**WHAT TO WORK ON:**
Copy the listing exactly, images excluded.

#### DATA PROVIDED ####

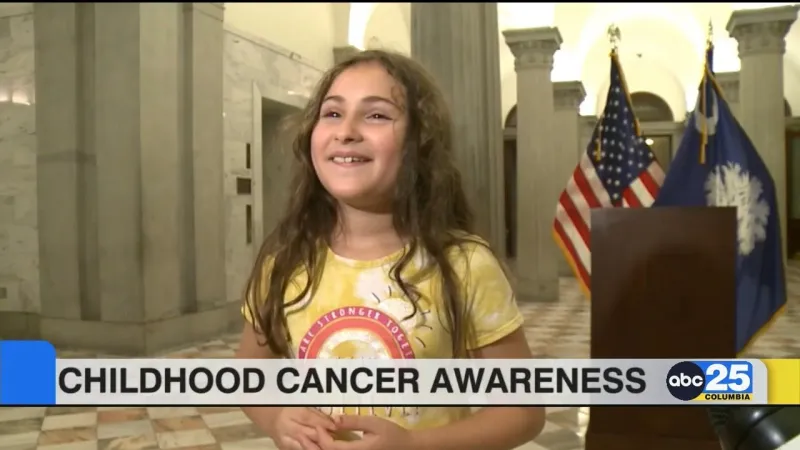 Survivors and advocates recognize Childhood Cancer Awareness Month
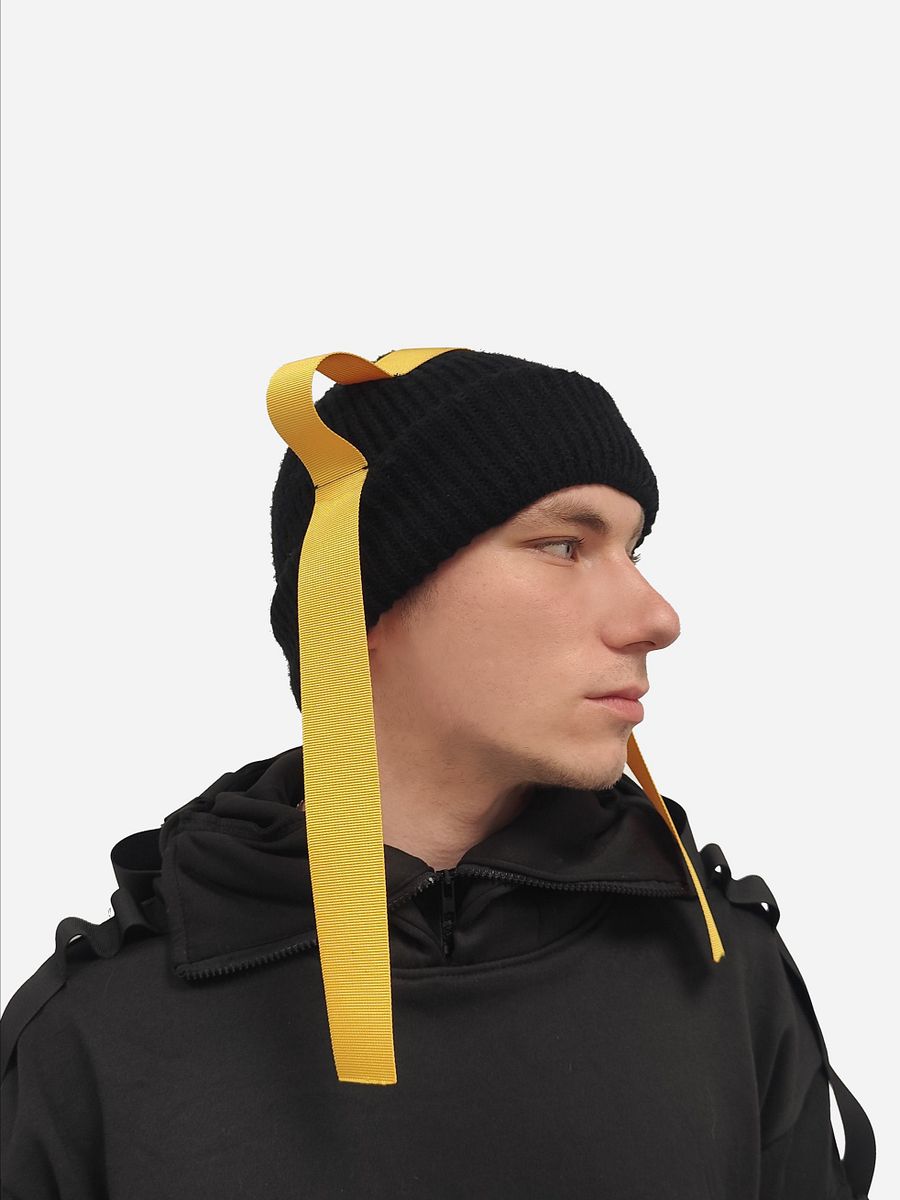 Yellow ClownTech Ski Mask product image (3)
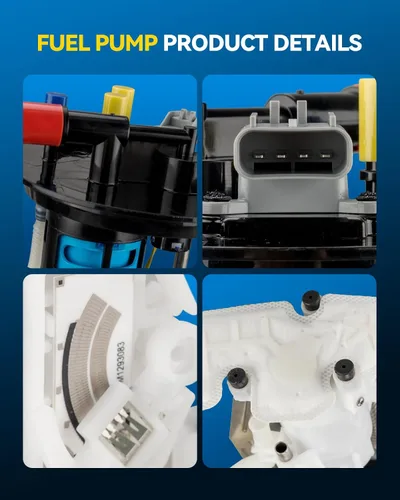 Miniatura 2 de PHILTOP Conjunto de bomba de combustible eléctrica para Chevrolet S10 1985-1991, GMC S15 1985-1990, GMC Sonoma 1991, GMC Syclone 1991, SP06B1H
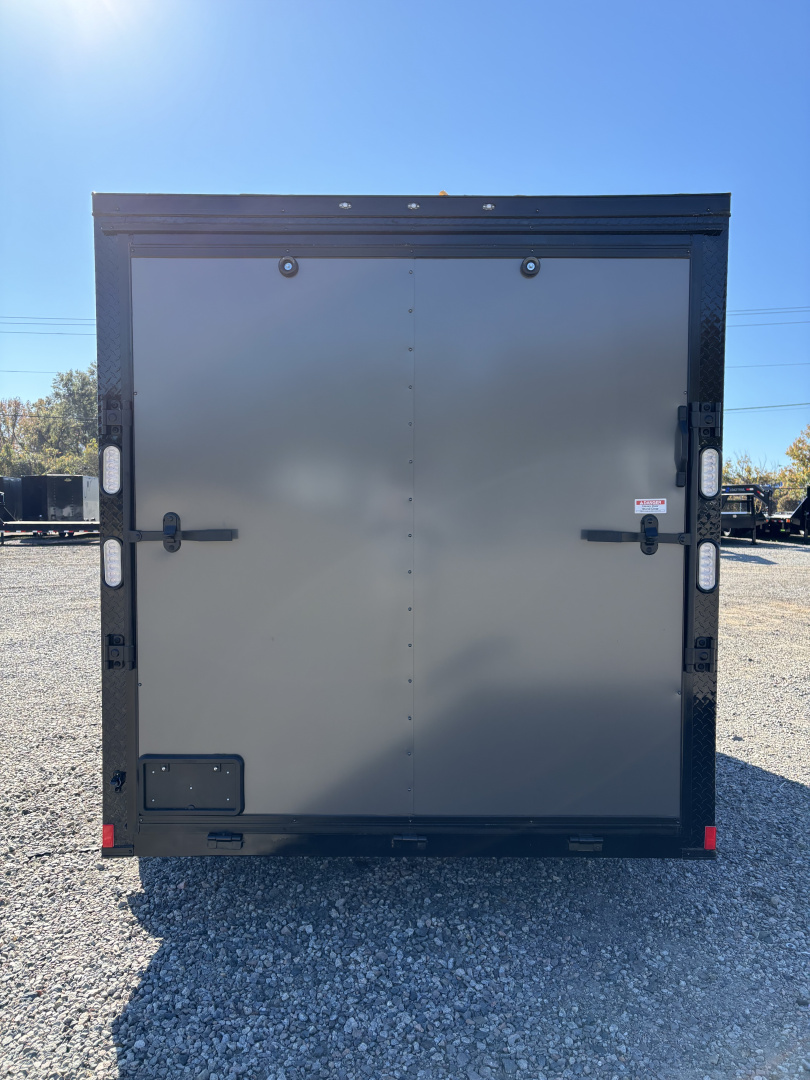 New 2026 Rock Solid Cargo 7 X 14 7K Enclosed Trailer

####

**OUTPUT OF THE EXERCISE:**
 Survivors and advocates recognize Childhood Cancer Awareness Month
 Yellow ClownTech Ski Mask product image (3)
 Miniatura 2 de PHILTOP Conjunto de bomba de combustible eléctrica para Chevrolet S10 1985-1991, GMC S15 1985-1990, GMC Sonoma 1991, GMC Syclone 1991, SP06B1H
 New 2026 Rock Solid Cargo 7 X 14 7K Enclosed Trailer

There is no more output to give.